The State of American Money, April 1, 2013
As Wise Bread's Senior Editor, I have the opportunity to read several IMPORTANT FINANCIAL FACTS. How do I know that they're important? Because they're written in all caps. DUH.
Here are the top five totally important, totally real financial facts I've learned in a variety of categories. (See also: New Legislation Gives Coupons "Equivalent Cash Value")
- 100% of people who have saved no money HAVE NO SAVINGS.
- The retirement savings plan for 15% of Americans is an unsubmitted application to "Wheel of Fortune."
- 87% of bank tellers do not believe customers who say "Sure, I have money at this bank. But it accidentally got deposited under another customer's name."
- It is most difficult to save for a rainy day in Seattle, where there are 150 rainy days a year.
- In 2012, the winner of the Chicago's Scariest Halloween Decorations contest was the Bouchard family, who decorated under the theme "You won't have enough money to live off of when you retire."
- 100% of people who spend money later discover that they HAVE LESS MONEY THAN THEY STARTED WITH.
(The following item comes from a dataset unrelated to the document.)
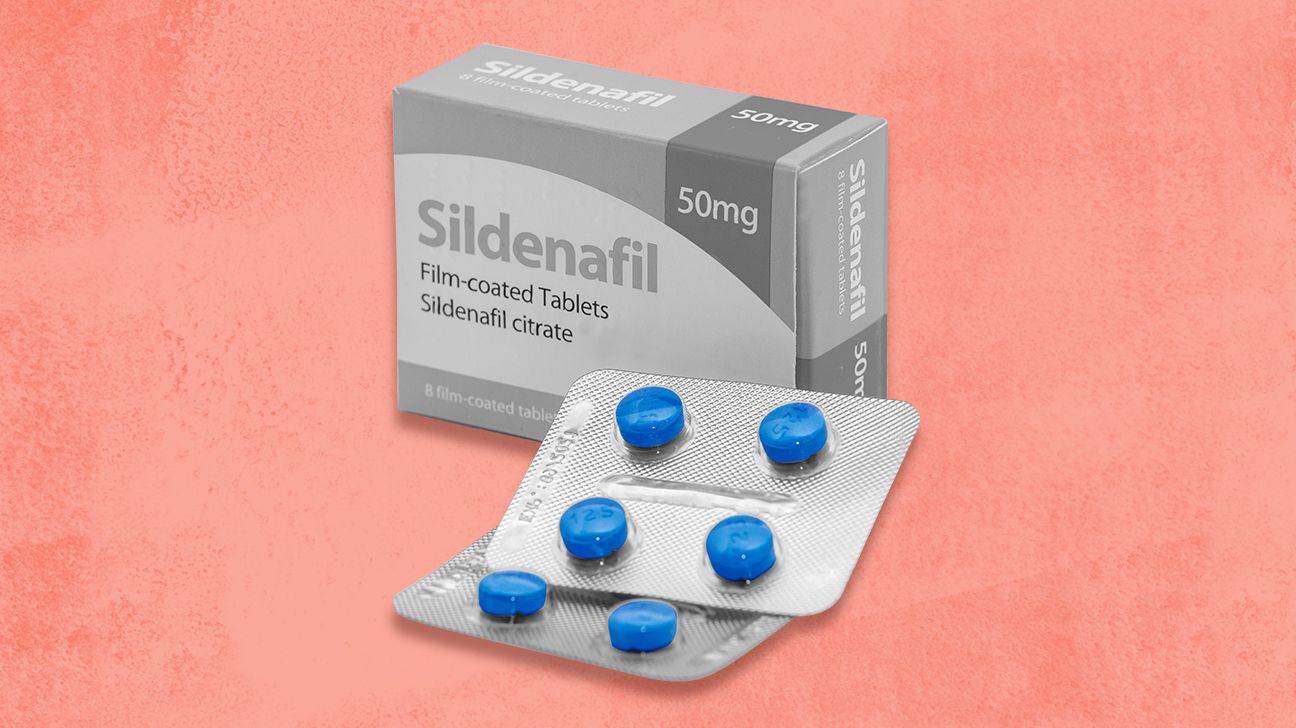Box of sildenafil with a blister pack of 4 tablets showing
- Women spend money on clothes and shoes. Men also spend money on clothes and shoes, because we're all humans and need these things.
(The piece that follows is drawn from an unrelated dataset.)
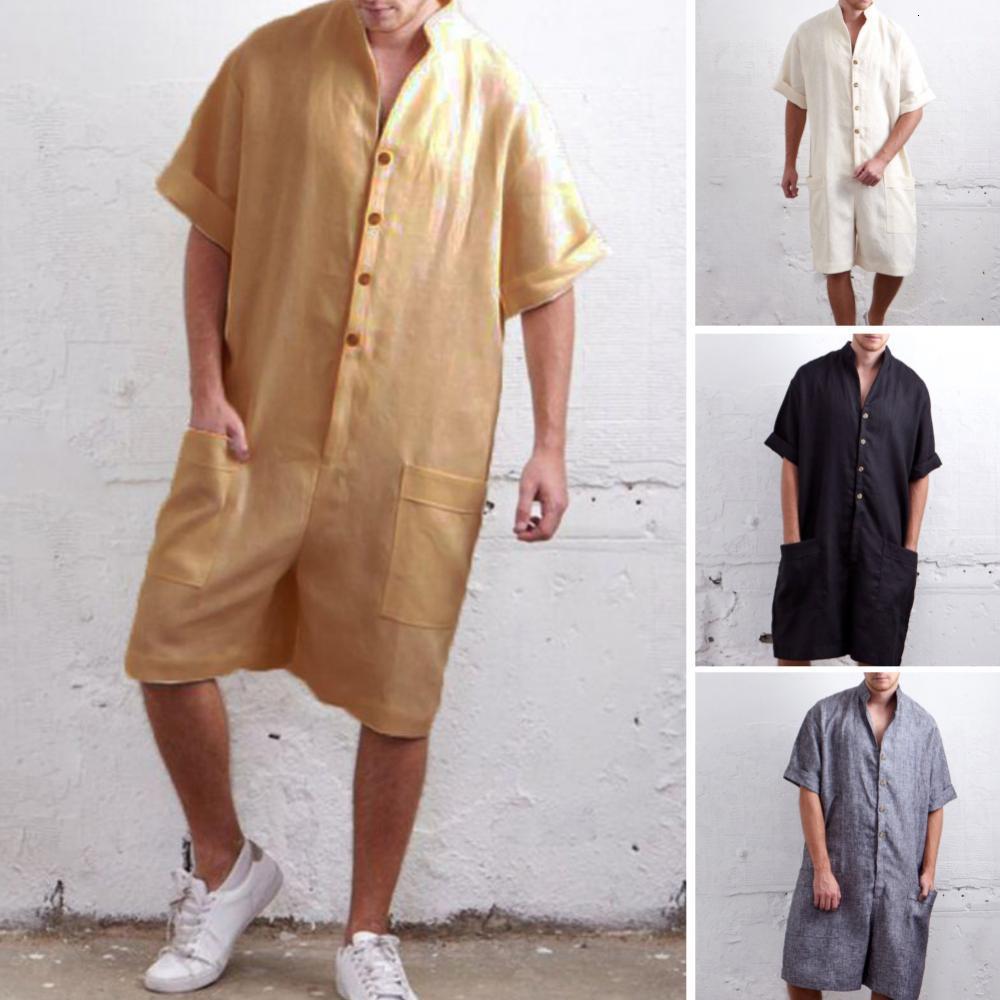 

Men' Jeans Linen Long Sleeve TShirt Solid Color Men Short Stand Collar SingleBreasted Hiphop Trousers Jumpsuit 230628, Yellow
- 100% of all online shopping happens on the Internet.
- Despite popular belief that it's a frugal activity, window shopping can actually turn out to be very expensive — just the glass and installation can cost up to $500 per window.
- Giving gifts can be expensive. However, giving animated gifs is totally free.
- More people than ever are reusing items instead of throwing them away! Here's a tip — take leftover baby food jars. Fill them with your otherwise useless pee. Now you have a collection of pee jars to decorate your house with or give as gifts!
- Penny pinching actually does very little for most people, unless your goal was to tightly hold a round piece of copper between two of your fingers.
- Clipping coupons can be a great hobby if you like saving money or carrying around little pieces of paper.
- Potlucks can be a great way to share the expense of a meal while, out of politeness, being forced to eat that one weird salad made by your aunt who doesn't understand how to cook.
- It totally isn't rude to regift. Just make sure that if you're regifting a pee jar, you're at least not giving someone their own pee back.
- Real estate can be a poor investment if you purchase one of those old Hollywood buildings that looks like a real house from the front but turns out to be two-dimensional. Don't do that.
- When you're ready to invest, make sure that you're investing in the stock market and not the Stalk Market, a new grocery store that only sells celery and asparagus. That place will be out of business way soon.
- For years, people have been recommending CDs as a low-risk (if also low-reward) investment vehicle. I, however, think they're being replaced by MP3s.
- Consider investing in the futures of food products like corn or wheat. Primarily because you can't invest in their pasts.
- 100% of unsuccessful investments have failed.
- 100% of people who lent $5 to bears NEVER GOT THAT $5 BACK.
- And, even worse — the bears didn't use the money!
- The American bear unemployment rate is even higher than the American human unemployment rate.
- If given a choice between the two, 95% of bears will take a live salmon over cash — even if the salmon is worth less than the money!
- The wealthiest bear in America is celebrity-impersonator Beary Manilow. The second-wealthiest is mystery writer Beary Higgins Clark. The third wealthiest is the bear from Bear Sterns.
Do you have any IMPORTANT FINANCIAL FACTS to share?